A brisa marítima é um tipo de circulação termicamente induzida, e funciona pelos menos princípios físicos que circulações em lagos e em montanhas (chamada vale-montanha). O movimento do ar ocorre devido a diferença de temperatura entre o mar e continente. No período da manhã a superfície do continente se aquece mais rapidamente que o mar, já que a água possui maior capacidade térmica - precisa de mais calor para elevar em 1º sua temperatura. Esse contraste de temperatura faz com que o ar próximo a superfície se desloque em direção a zona de menor pressão, ou seja, para a terra, onde a temperatura é maior.
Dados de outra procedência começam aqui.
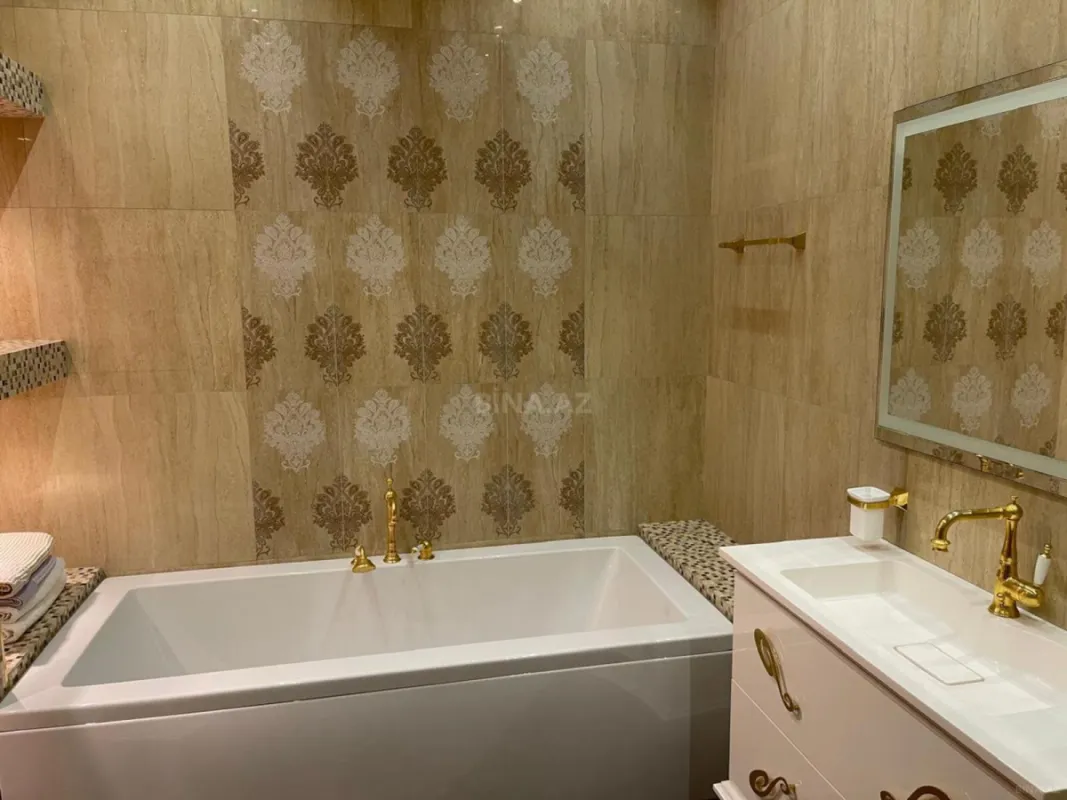 Satılır 4 otaqlı mənzil 244 m²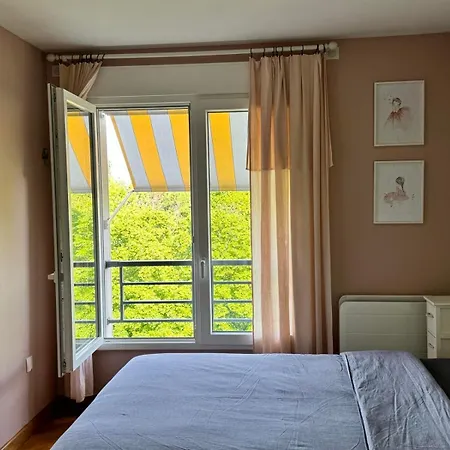 3 Bedrooms With Tour Eiffel View Apartmán *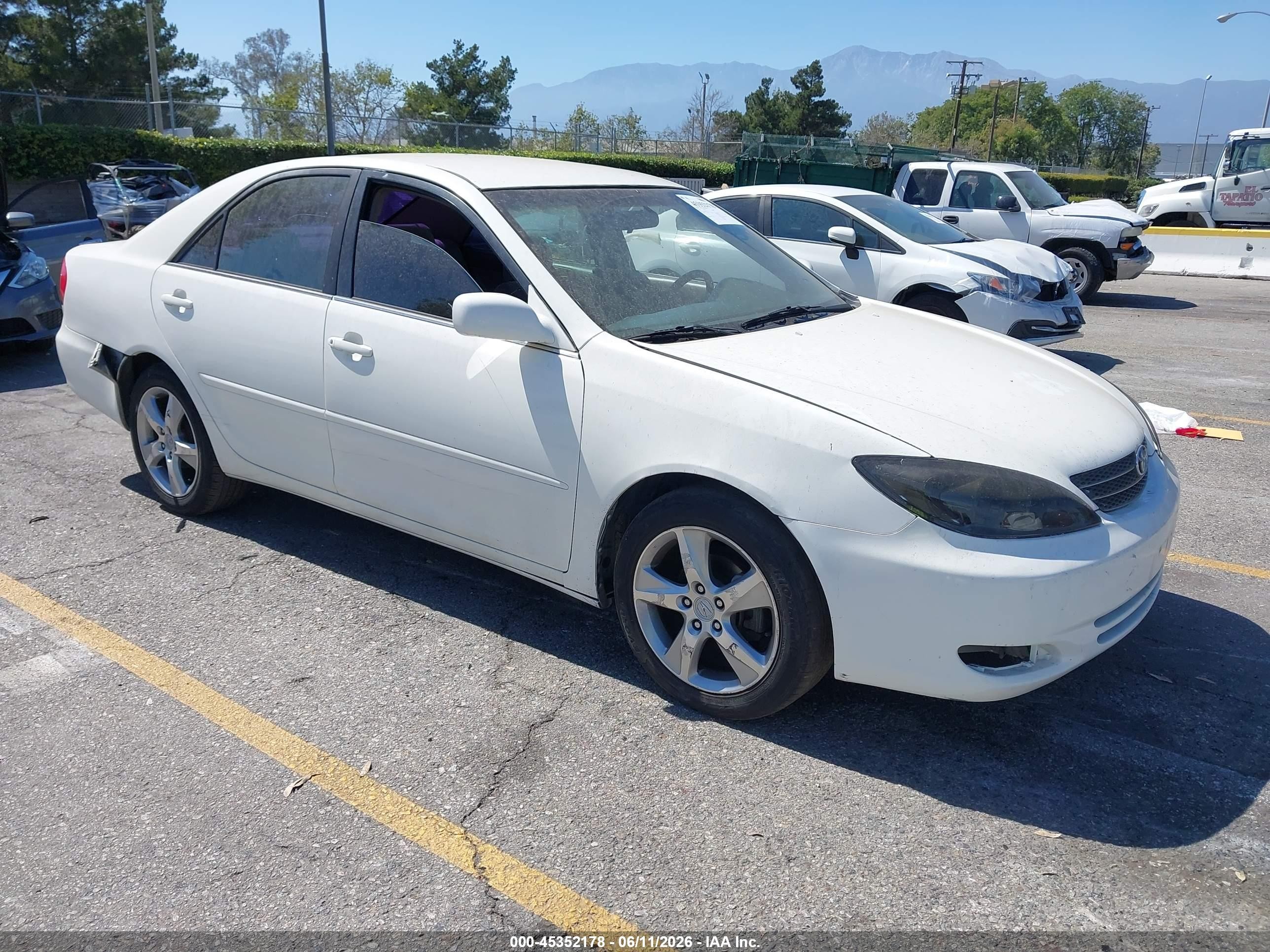 2003 Toyota Camry Le White vin: 4T1BE32K43U173135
Ao longo do dia, o mar vai se aquecendo, e a noite o contraste de temperatura inverte: a terra perde rapidamente calor após o pôr do sol enquanto a água o mantém por mais tempo. Dessa forma, durante a noite e madrugada temos a brisa do continente em direção ao mar, chamada de continental. É importante destacar que, apesar desse mecanismo existir ao longo de toda zona costeira, muitas vezes ele é "mascarado" pelos ventos de grande escala atuantes. Se a região estiver sob o efeito de um sistema atmosférico com ventos intensos, a circulação e brisa atuará de forma a fortalecer ou enfraquecer esses ventos, dependendo se sua direção está a favor ou contra eles.
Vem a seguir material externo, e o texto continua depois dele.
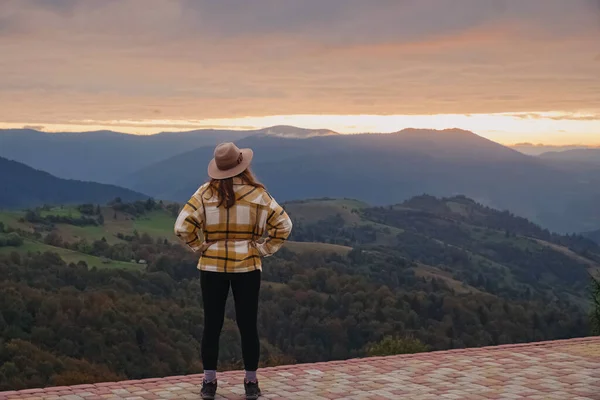 山の中で夕日と美しい風景を楽しむ女性. — ストック写真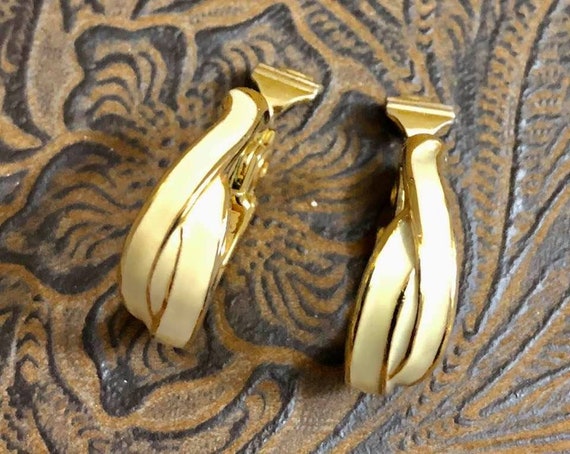 Vintage MONET Earrings                             614 View 6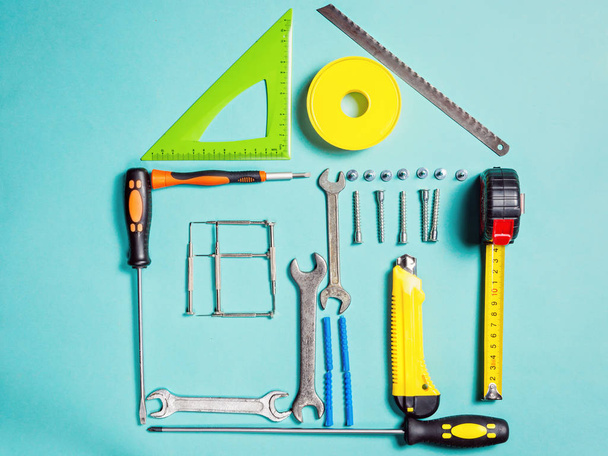 Концепция улучшения дома. Набор рабочих инструментов для строительства или ремонта дома
 - Фото, изображение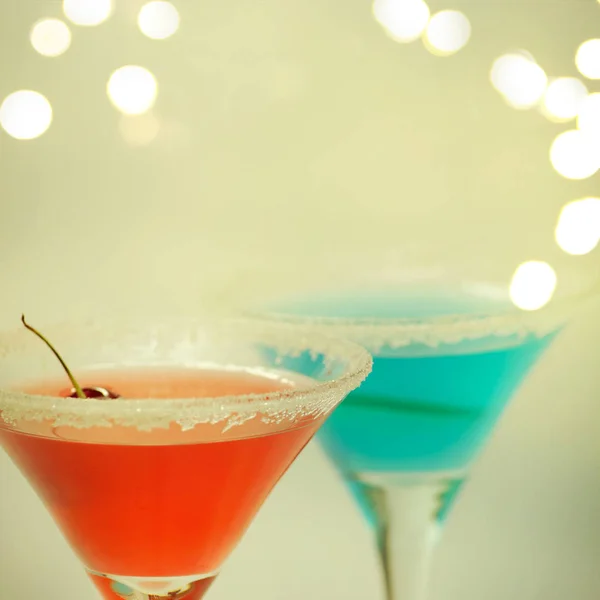 Twee cocktails met kersen — Stockfoto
Do litoral à cidade grande

Ao longo dos anos, muitos estudos tem sido desenvolvidos para o entendimento da influência da brisa marítima na região metropolitana de São Paulo. O que se sabe é que esta circulação litorânea afeta diretamente o clima da cidade, mesmo sendo gerada a 50 quilômetros de distância terrestre e 700 m serra abaixo. Já se sabe que a brisa marítima consegue se propagar até São Paulo, impulsionada pela circulação vale-montanha promovida pela Serra do Mar e pelo efeito de ilha de calor da própria zona urbana. São três circulações termicamente induzidas que combinadas permitem que o ar úmido do mar no litoral paulista chegue a São Paulo.

Esquema do funcionamento da brisa marítima e continental.
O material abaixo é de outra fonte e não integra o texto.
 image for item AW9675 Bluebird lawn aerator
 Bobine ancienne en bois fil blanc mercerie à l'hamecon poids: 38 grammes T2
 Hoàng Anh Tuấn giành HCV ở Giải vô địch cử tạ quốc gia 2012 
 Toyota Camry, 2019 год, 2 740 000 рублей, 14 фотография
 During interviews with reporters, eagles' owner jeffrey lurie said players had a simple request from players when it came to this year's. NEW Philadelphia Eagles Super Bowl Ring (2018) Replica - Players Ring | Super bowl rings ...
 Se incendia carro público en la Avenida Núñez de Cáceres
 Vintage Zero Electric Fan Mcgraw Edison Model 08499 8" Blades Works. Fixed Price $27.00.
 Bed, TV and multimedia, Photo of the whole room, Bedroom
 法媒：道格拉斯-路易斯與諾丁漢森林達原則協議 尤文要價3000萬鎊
“Em São Paulo, a chegada da brisa marítima é muito positiva, pois deixa a temperatura um pouco mais baixa, o clima mais úmido e o ar menos poluído”, disse a Profª. Drª. Flávia Noronha Dutra Ribeiro, da Escola de Artes, Ciências e Humanidades da Universidade de São Paulo (EACH-USP), em entrevista à Agência FAPESP. Ribeiro é a autora principal de um trabalho publicado na revista Atmosferic Research sobre o efeito da brisa marítima na circulação superficial da região metropolitana de São Paulo. No entanto os autores do trabalho pontuam que os benefícios da brisa são temporários, pois a chegada da brisa deixa a atmosfera próxima à superfície mais estável, agindo como uma "tampa" e impedindo que novos poluentes emitidos se dispersem na vertical.